• **Activity**: Your reply should be the entries, output word for word, with each picture omitted.

• **Task inputs**:
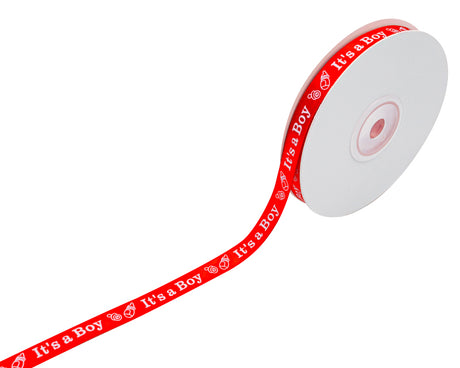 3/8"x 25 yards Red It's a Boy Baby Shower Printed Satin Gift Ribbon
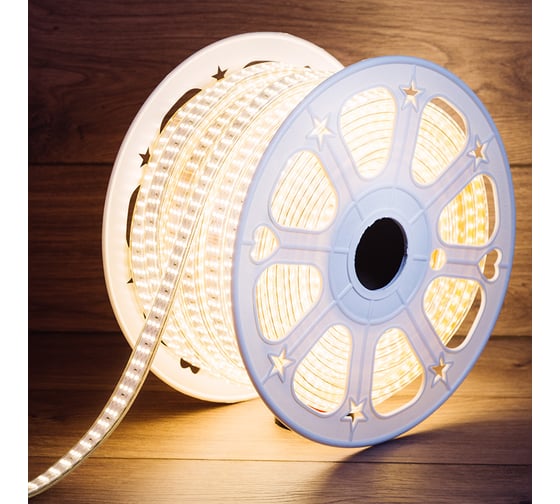 Светодиодная лента Neon-Night LED 220В, 7.5x20 мм IP67 SMD 2835, 276 LED/m теплый белый 50 м 142-204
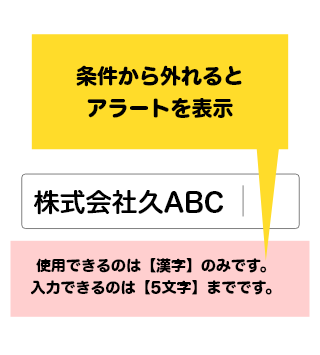 文字数や使用不可文字の制限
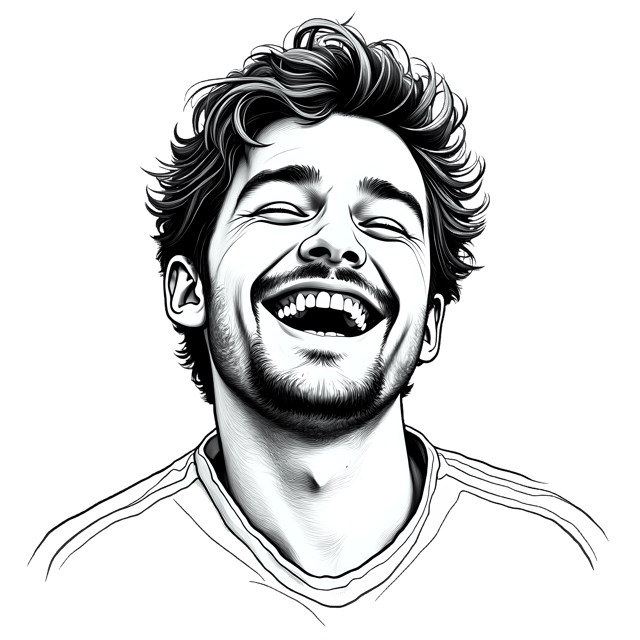 Free transparent PNG: Laugh Lines Portrait PNG  Ideal for Funny Projects, Comedy Posters  Party Decor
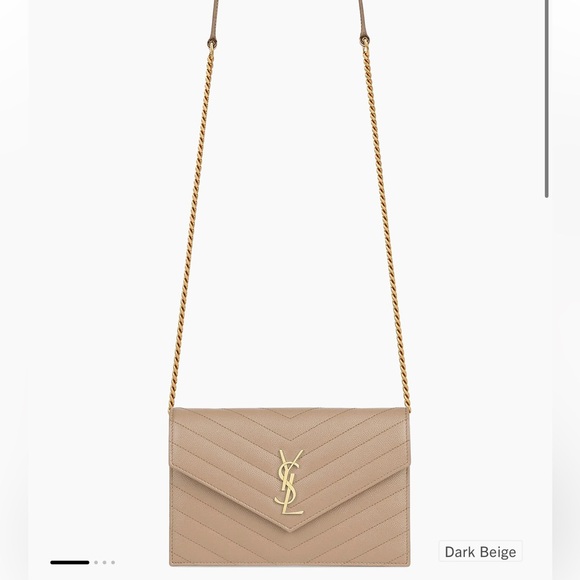 Saint Laurent Handbags - Saint Laurent Tan Chevron Crossbody Bag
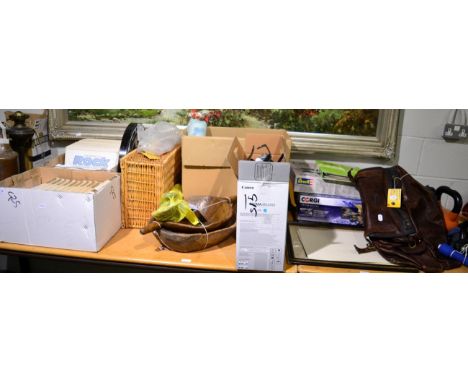 A quantity of miscellaneous including picnic hamper, plane models, prints and a collection of the history of rock LPs etc 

• **Worked solution**:
 3/8"x 25 yards Red It's a Boy Baby Shower Printed Satin Gift Ribbon
 Светодиодная лента Neon-Night LED 220В, 7.5x20 мм IP67 SMD 2835, 276 LED/m теплый белый 50 м 142-204
 文字数や使用不可文字の制限
 Free transparent PNG: Laugh Lines Portrait PNG  Ideal for Funny Projects, Comedy Posters  Party Decor
 Saint Laurent Handbags - Saint Laurent Tan Chevron Crossbody Bag
 A quantity of miscellaneous including picnic hamper, plane models, prints and a collection of the history of rock LPs etc 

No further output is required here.